# EXERCISE INSTRUCTIONS:
Each entry is to be retyped without alteration, and no picture is to be included.

[Scraped caption text data]
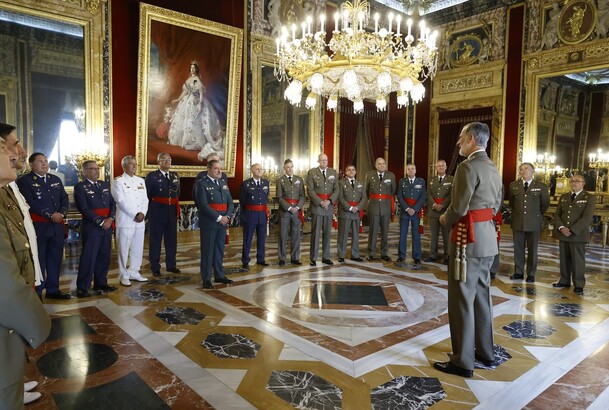 El Rey durante la audiencia con los oficiales pertenecientes a promociones que conmemoran su cuadragésimo aniversario de egreso de las academias
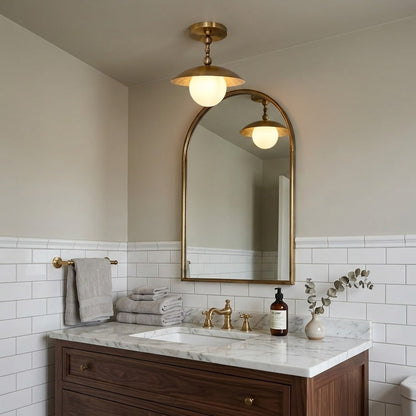 Messingkleurige half-inbouwplafondlamp met koepelshade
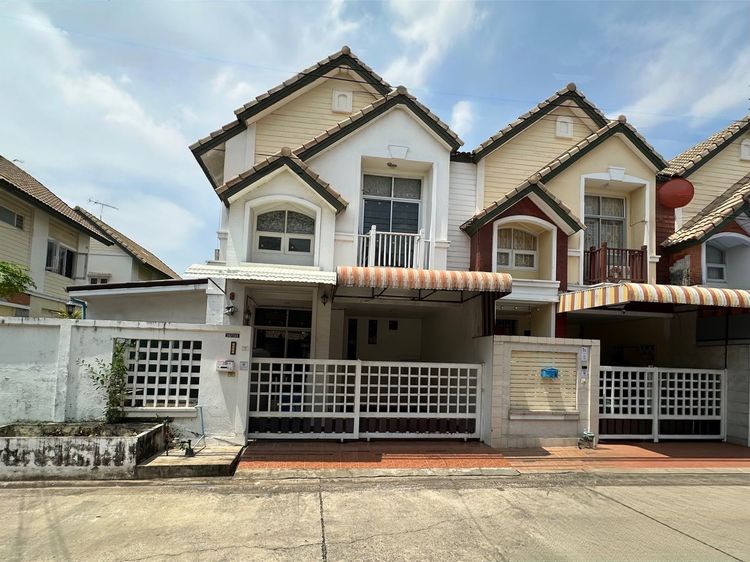 ขายทาวน์เฮ้าส์วรางกูล รังสิต คลอง 3 เนื้อที่ใหญ่ 31 ตร.ว. ใกล้ดรีมเวิลด์ เดินทางสะดวกติดวงแหวน ราคาเพียง 2.19 ล้าน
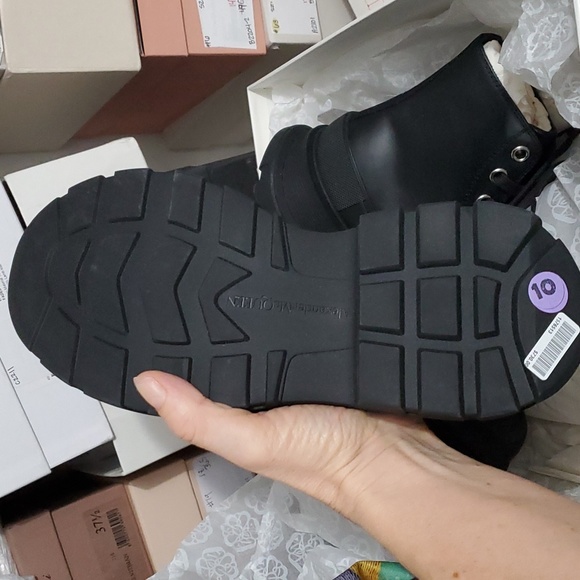 NIB sz 39.5 $730 Alexander McQueen boots - Picture 7 of 7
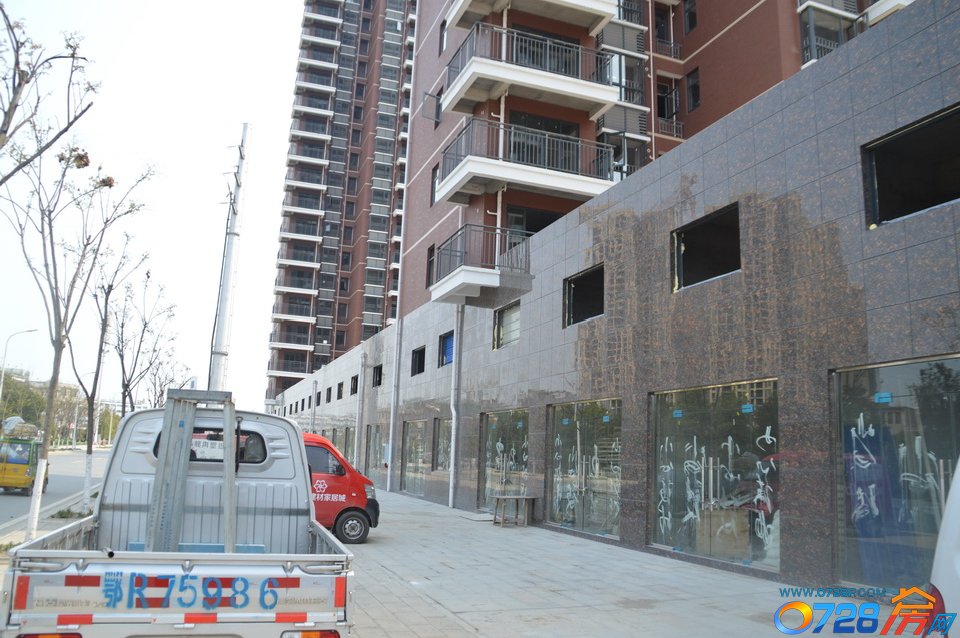 东湖金利屋3月工程进度11栋12栋前的临街商铺正在做后期修整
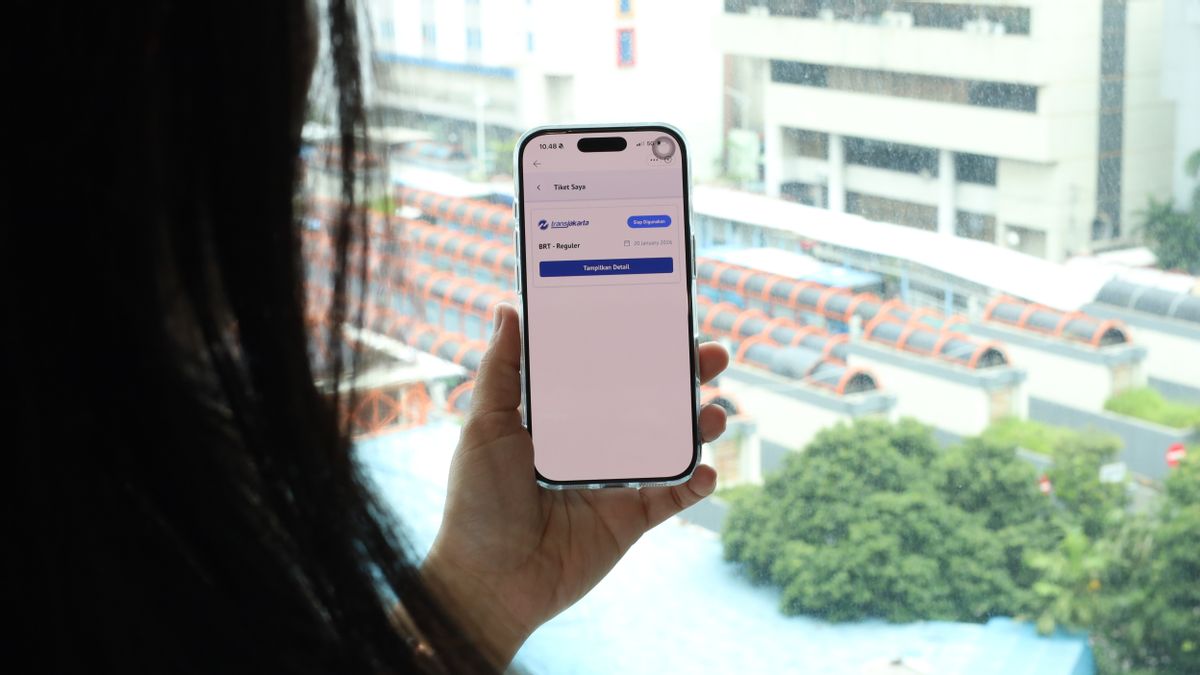 Beli Tiket Transjakarta Kini Bisa Langsung di Aplikasi GoPay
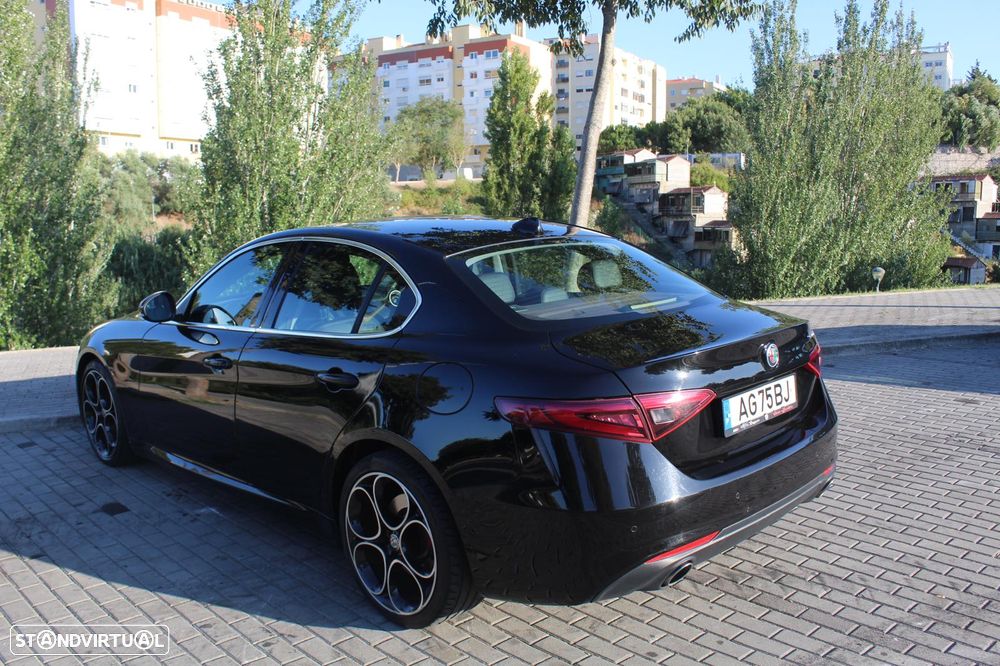 Alfa Romeo Giulia - 2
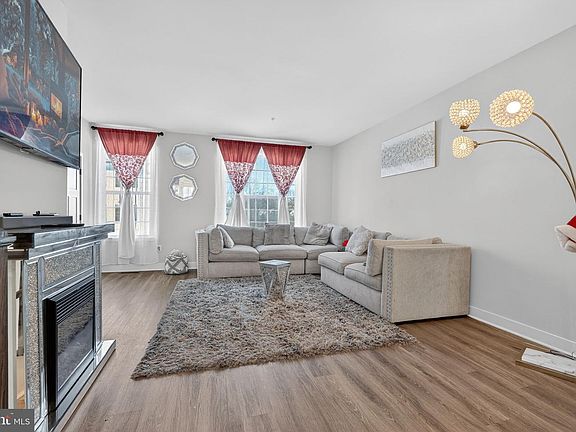 3rd image of 9599 Tall Oaks Rd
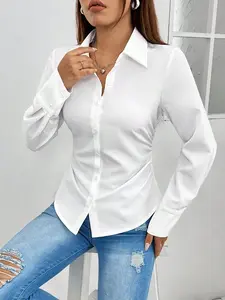 A slim-fit women's white long-sleeve shirt Blouse with side waist pleats, combining a formal commuting look with everyday fashion, suitable for workplace office, light business meetings, campus classes, or casual outings.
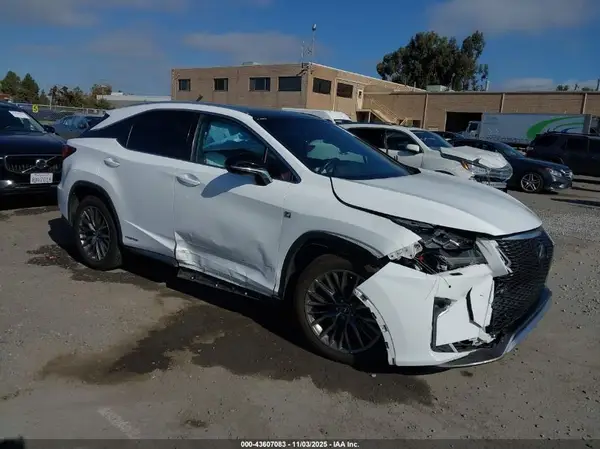 2T2BGMCA9JC029449 2018 LEXUS RX - Image 1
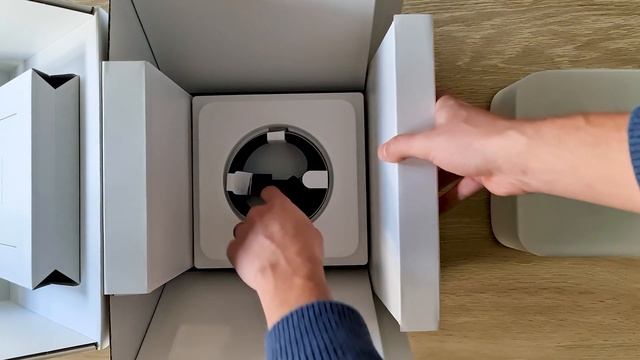 Unboxing Apple M1 Ultra Mac Studio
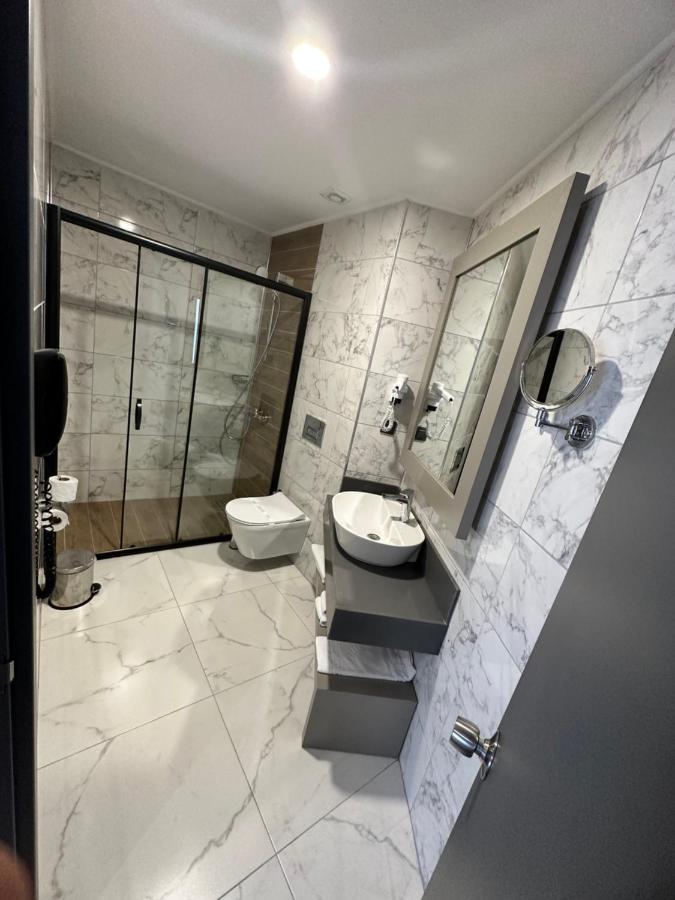 Standard Suite,1695829764:JPEG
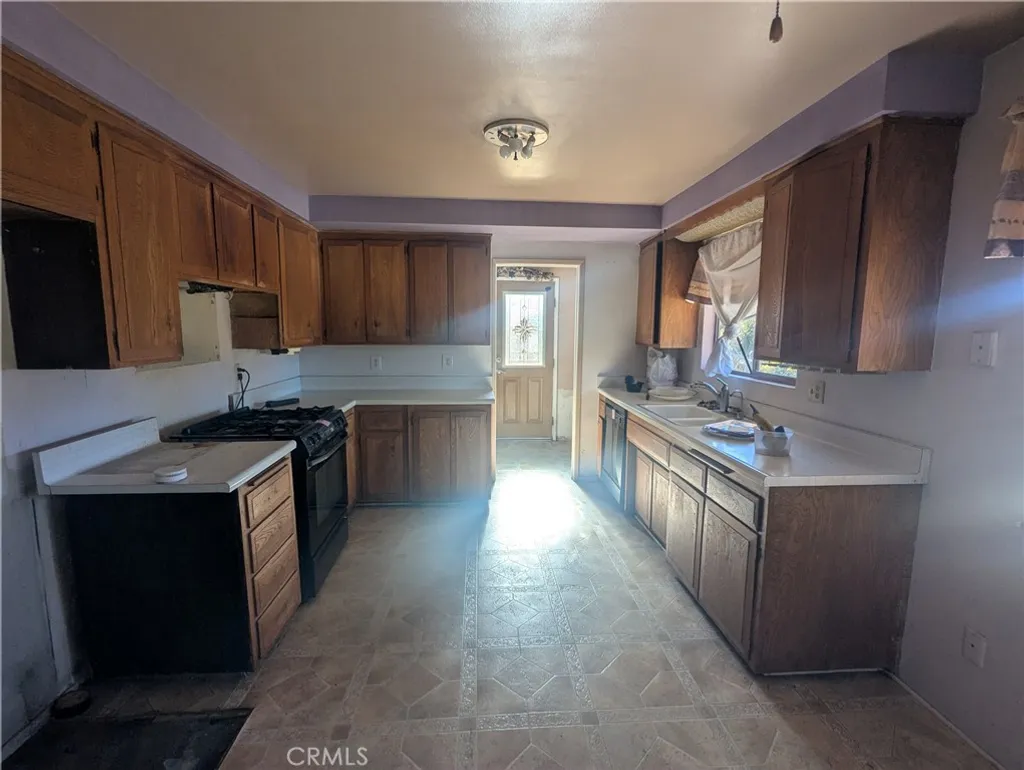 Additional image 6 of 1545 Washington Avenue, Pomona, CA 91767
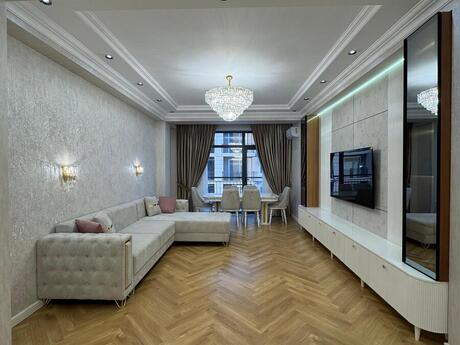 4 otaqlı yeni tikili - Nəriman Nərimanov m. - 200 m²
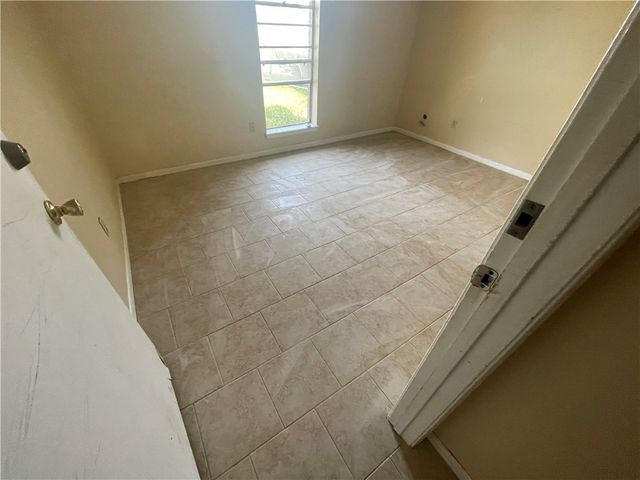7429 Piper Dr, Corpus Christi, TX 78412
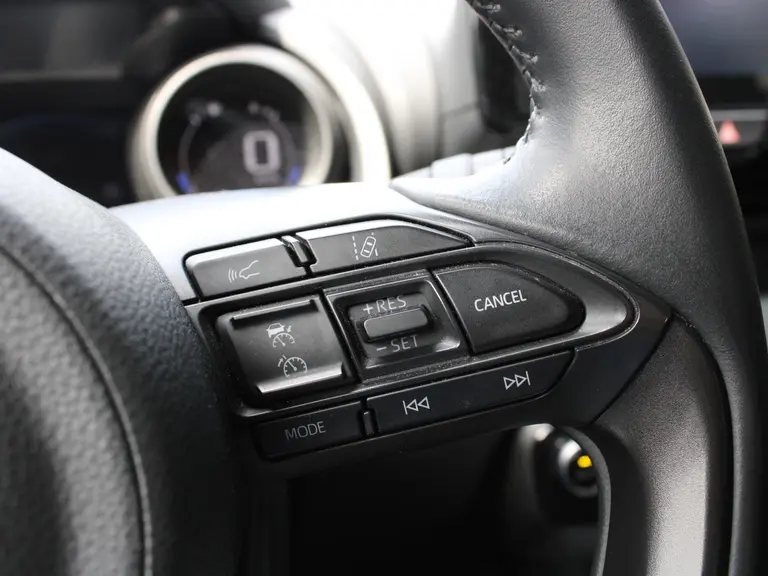 Toyota Yaris Dynamic 1.5 Hybrid 115PK Automaat Lichtmetalen velgen, Achteruitrij camera, Climate Control, KeylessEntry, AppleCarplay/Android Auto Navigatie afbeelding 26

# WRITTEN SOLUTION:
 El Rey durante la audiencia con los oficiales pertenecientes a promociones que conmemoran su cuadragésimo aniversario de egreso de las academias
 Messingkleurige half-inbouwplafondlamp met koepelshade
 ขายทาวน์เฮ้าส์วรางกูล รังสิต คลอง 3 เนื้อที่ใหญ่ 31 ตร.ว. ใกล้ดรีมเวิลด์ เดินทางสะดวกติดวงแหวน ราคาเพียง 2.19 ล้าน
 NIB sz 39.5 $730 Alexander McQueen boots - Picture 7 of 7
 东湖金利屋3月工程进度11栋12栋前的临街商铺正在做后期修整
 Beli Tiket Transjakarta Kini Bisa Langsung di Aplikasi GoPay
 Alfa Romeo Giulia - 2
 3rd image of 9599 Tall Oaks Rd
 A slim-fit women's white long-sleeve shirt Blouse with side waist pleats, combining a formal commuting look with everyday fashion, suitable for workplace office, light business meetings, campus classes, or casual outings.
 2T2BGMCA9JC029449 2018 LEXUS RX - Image 1
 Unboxing Apple M1 Ultra Mac Studio
 Standard Suite,1695829764:JPEG
 Additional image 6 of 1545 Washington Avenue, Pomona, CA 91767
 4 otaqlı yeni tikili - Nəriman Nərimanov m. - 200 m²
7429 Piper Dr, Corpus Christi, TX 78412
 Toyota Yaris Dynamic 1.5 Hybrid 115PK Automaat Lichtmetalen velgen, Achteruitrij camera, Climate Control, KeylessEntry, AppleCarplay/Android Auto Navigatie afbeelding 26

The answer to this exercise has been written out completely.